Wellingtonian web-whiz Elyssa Pallai found the inspiration for the community-minded platform Pocketjobs from the famously snobby “gated communities” of the US.
Pallai’s father was on a fixed income, yet was so devoted to community spirit that he often did the rounds as the neighbourhood handyman.
“He’s a baby boomer and they have such a reputation as loyal, ethical and hard-working,” she says.
“I thought an app like this could harness that reputation and give people like him some additional income.”
The result of Pallai’s admiration for her father’s neighbourly service is quickly gaining a Kiwi following as her business idea Pocketjobs takes off.
Its website and app lists all manner of small jobs and uses social media and local sourcing to build communities.
Users, for a small fee, list a job online – be it building a webpage or handing out 2000 flyers – then other members (or 'Pocketers') bid for the gig.
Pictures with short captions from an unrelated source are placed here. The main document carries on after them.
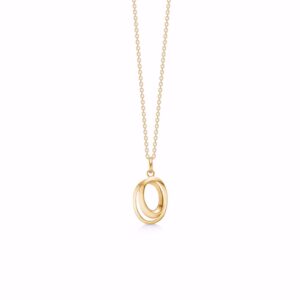 Guld & Sølv Design halskæde med guld vedhæng 8418/7/08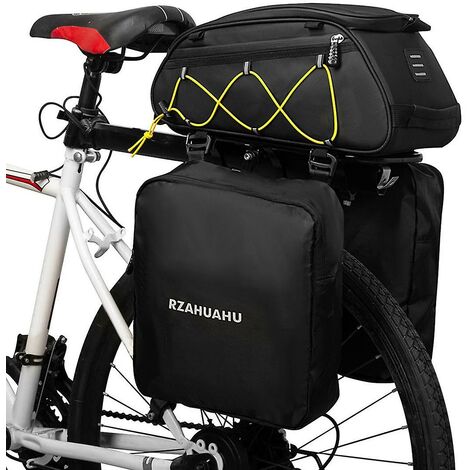 3-in-1-Fahrradträgertasche, Kofferraumtasche, wasserdichte Fahrrad-Rücksitztasche, Kühltasche mit 2 seitlich hängenden Taschen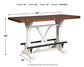 Ashley Express - Valebeck RECT Dining Room Counter Table at Towne & Country Furniture (AL) furniture, home furniture, home decor, sofa, bedding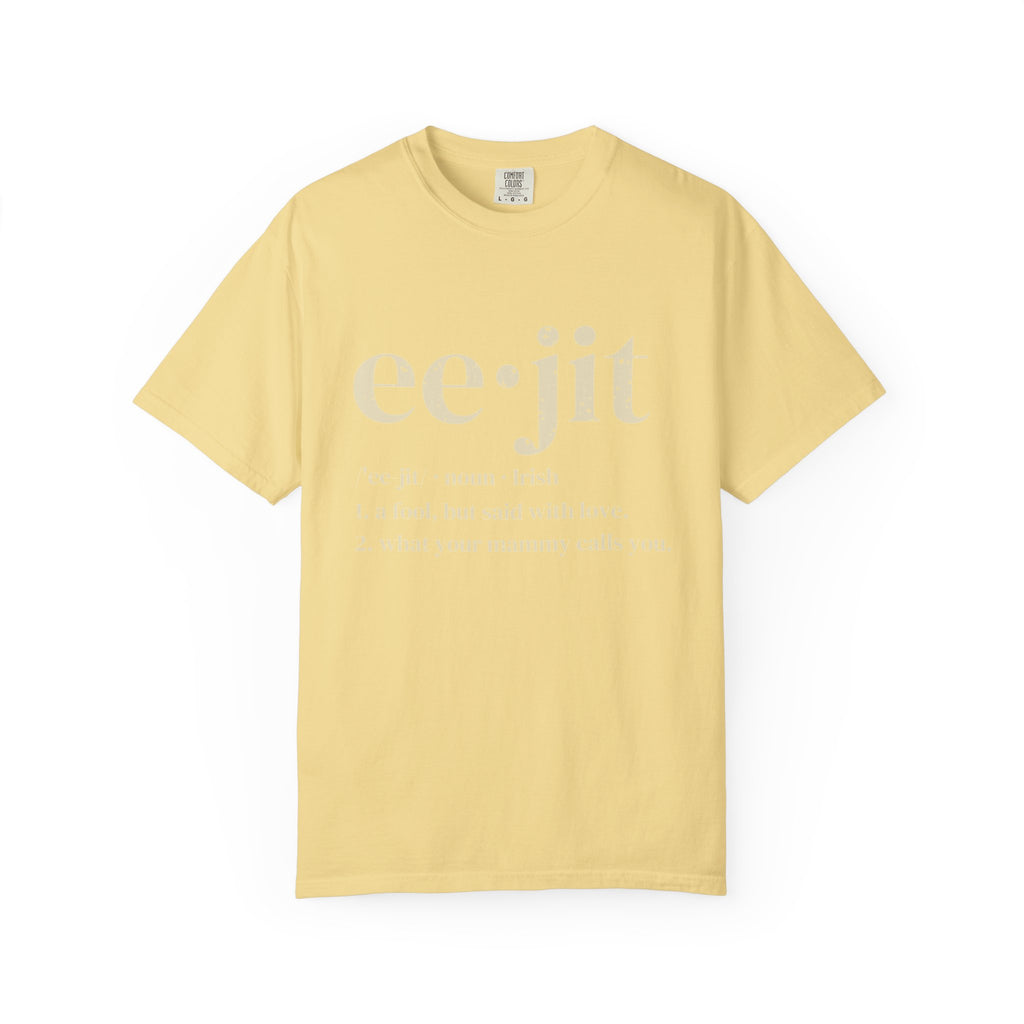 Eejit Irish Slang Dictionary Definition T-Shirt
Then the potential employer can review the offers and view the profiles of those who've made offers before choosing who they want to fill the role – all, if you like, from the palm of your hand.
“Pocketjobs proves there are people in your neighbourhood who can do these small jobs and the money supports that community," says Pallai, founder and CEO of Pocketjobs.
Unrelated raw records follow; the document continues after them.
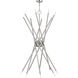 Soho 16 Light 50 inch Brushed Nickel Foyer Chandelier Ceiling Light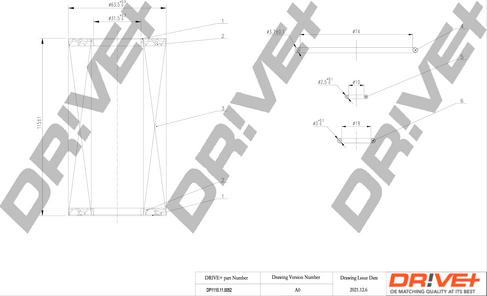 Dr!ve+ DP1110.11.0052 - Масляний фільтр autozip.com.ua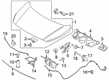 Ford Hood Diagram - KT1Z-16612-C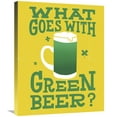 thumbnail image 1 of Global Gallery's 'Green Beer Cake I' By Michael Mullan Stretched Canvas Wall Art, 1 of 4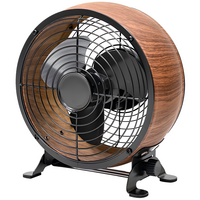 Настольный вентилятор SUNKO MetalWood Retro Style - GOODMi
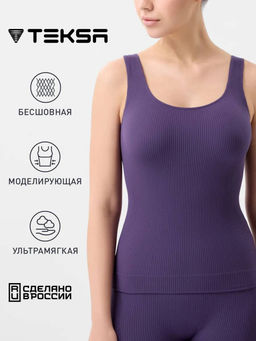 TEKSA WLT 001 Майка женская plum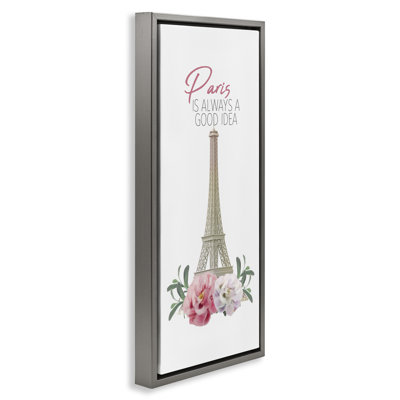 "Paris, bonne idée", tour Eiffel, encadrée par Kim Allen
“Often jobs will be listed in the morning, filled by lunchtime and the job all done and paid for by the afternoon – it’s just so simple.”
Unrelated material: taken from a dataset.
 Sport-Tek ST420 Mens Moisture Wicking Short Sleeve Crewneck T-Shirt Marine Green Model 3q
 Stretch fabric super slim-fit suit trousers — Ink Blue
Its connectivity to Facebook and the ability to build, use and rate employee profiles separates it from other sites, she says.
“Where other apps, like TaskRabbit [a US-based microtasking site], send jobs out to people they have recruited, we send it out to our community,” she says.
“Potential employers can see any bidder's friend-to-friend Facebook information, whether they live locally information and their peer ratings.”
Although initially targeted at odd jobs like furniture removal and hedge trimming around Wellington, the team at Pocketjobs has been astounded how quickly the app has been pounced on by small businesses.
“They just love it. They say ‘Oh my god I can get someone to do my Google ad work, or get me 1000 FB likes’ – things they know are important but don’t understand yet.”
Pallai says often after using it at work, entrepreneurs and managers will use it again to find somebody to help paint a fence or babysit the kids, at home.
Developed with the help of R&D funding from the Ministry of Business Innovation and Employment’s (MBIE) Science and Innovation Group, Pocketjobs' appeal to students – themselves uber-connected and plugged into social media – helped the app to seed and spread quickly, she says.
“The student population completely get it and they share it like wildfire. Their connectedness helped our success.”
The app, which is available on all platforms to users in Wellington and Auckland, doesn’t show bids to other bidders and allows users to negotiate prices and terms when making an offer, so a ‘race-to-the-bottom’ effect is avoided.
“We have had several cases where negotiations for skilled work have resulted in job performed for up to 30 percent higher than the original posted rate,” says the American-born founder.
“We never wanted to create a bidding war creating low-paid jobs. This is about employing people and leveraging skills across the community.”